# [What to work on]
An unaltered copy of the listing below is required.

# [Supplied data]

○ ○ ○ ○ ○ ○ ○

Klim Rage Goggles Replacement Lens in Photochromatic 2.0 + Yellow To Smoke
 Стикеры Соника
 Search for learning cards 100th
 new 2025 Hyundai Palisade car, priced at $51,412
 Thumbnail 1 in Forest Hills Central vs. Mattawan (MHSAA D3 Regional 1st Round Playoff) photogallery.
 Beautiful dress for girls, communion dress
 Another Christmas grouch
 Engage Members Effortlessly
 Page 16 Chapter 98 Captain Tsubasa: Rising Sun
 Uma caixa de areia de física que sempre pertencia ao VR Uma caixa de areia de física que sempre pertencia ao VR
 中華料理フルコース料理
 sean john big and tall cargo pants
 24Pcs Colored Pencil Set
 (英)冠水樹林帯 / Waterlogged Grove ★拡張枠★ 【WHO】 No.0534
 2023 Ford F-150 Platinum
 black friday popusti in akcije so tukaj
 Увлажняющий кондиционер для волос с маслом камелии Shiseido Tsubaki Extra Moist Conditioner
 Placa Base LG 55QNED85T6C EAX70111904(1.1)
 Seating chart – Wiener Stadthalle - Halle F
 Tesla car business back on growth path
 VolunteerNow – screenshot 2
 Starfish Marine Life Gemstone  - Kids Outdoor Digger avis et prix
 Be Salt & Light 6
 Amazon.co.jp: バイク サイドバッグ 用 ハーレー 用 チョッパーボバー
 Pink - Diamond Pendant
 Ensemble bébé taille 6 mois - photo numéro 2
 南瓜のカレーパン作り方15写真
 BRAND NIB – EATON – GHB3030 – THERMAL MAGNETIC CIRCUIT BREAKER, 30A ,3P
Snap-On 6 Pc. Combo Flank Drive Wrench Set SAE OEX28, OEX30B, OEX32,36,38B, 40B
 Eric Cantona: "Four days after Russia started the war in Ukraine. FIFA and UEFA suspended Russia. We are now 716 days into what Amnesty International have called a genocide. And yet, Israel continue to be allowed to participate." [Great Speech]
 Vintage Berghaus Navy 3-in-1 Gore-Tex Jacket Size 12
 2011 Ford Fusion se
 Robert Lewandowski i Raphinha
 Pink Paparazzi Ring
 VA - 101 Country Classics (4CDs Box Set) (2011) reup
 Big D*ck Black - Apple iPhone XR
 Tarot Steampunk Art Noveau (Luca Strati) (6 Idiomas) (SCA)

○ ○ ○ ○ ○ ○ ○

# [Written answer]
Klim Rage Goggles Replacement Lens in Photochromatic 2.0 + Yellow To Smoke
 Стикеры Соника
 Search for learning cards 100th
 new 2025 Hyundai Palisade car, priced at $51,412
 Thumbnail 1 in Forest Hills Central vs. Mattawan (MHSAA D3 Regional 1st Round Playoff) photogallery.
 Beautiful dress for girls, communion dress
 Another Christmas grouch
 Engage Members Effortlessly
 Page 16 Chapter 98 Captain Tsubasa: Rising Sun
 Uma caixa de areia de física que sempre pertencia ao VR Uma caixa de areia de física que sempre pertencia ao VR
 中華料理フルコース料理
 sean john big and tall cargo pants
 24Pcs Colored Pencil Set
 (英)冠水樹林帯 / Waterlogged Grove ★拡張枠★ 【WHO】 No.0534
 2023 Ford F-150 Platinum
 black friday popusti in akcije so tukaj
 Увлажняющий кондиционер для волос с маслом камелии Shiseido Tsubaki Extra Moist Conditioner
 Placa Base LG 55QNED85T6C EAX70111904(1.1)
 Seating chart – Wiener Stadthalle - Halle F
 Tesla car business back on growth path
 VolunteerNow – screenshot 2
 Starfish Marine Life Gemstone  - Kids Outdoor Digger avis et prix
 Be Salt & Light 6
 Amazon.co.jp: バイク サイドバッグ 用 ハーレー 用 チョッパーボバー
 Pink - Diamond Pendant
 Ensemble bébé taille 6 mois - photo numéro 2
 南瓜のカレーパン作り方15写真
 BRAND NIB – EATON – GHB3030 – THERMAL MAGNETIC CIRCUIT BREAKER, 30A ,3P
Snap-On 6 Pc. Combo Flank Drive Wrench Set SAE OEX28, OEX30B, OEX32,36,38B, 40B
 Eric Cantona: "Four days after Russia started the war in Ukraine. FIFA and UEFA suspended Russia. We are now 716 days into what Amnesty International have called a genocide. And yet, Israel continue to be allowed to participate." [Great Speech]
 Vintage Berghaus Navy 3-in-1 Gore-Tex Jacket Size 12
 2011 Ford Fusion se
 Robert Lewandowski i Raphinha
 Pink Paparazzi Ring
 VA - 101 Country Classics (4CDs Box Set) (2011) reup
 Big D*ck Black - Apple iPhone XR
 Tarot Steampunk Art Noveau (Luca Strati) (6 Idiomas) (SCA)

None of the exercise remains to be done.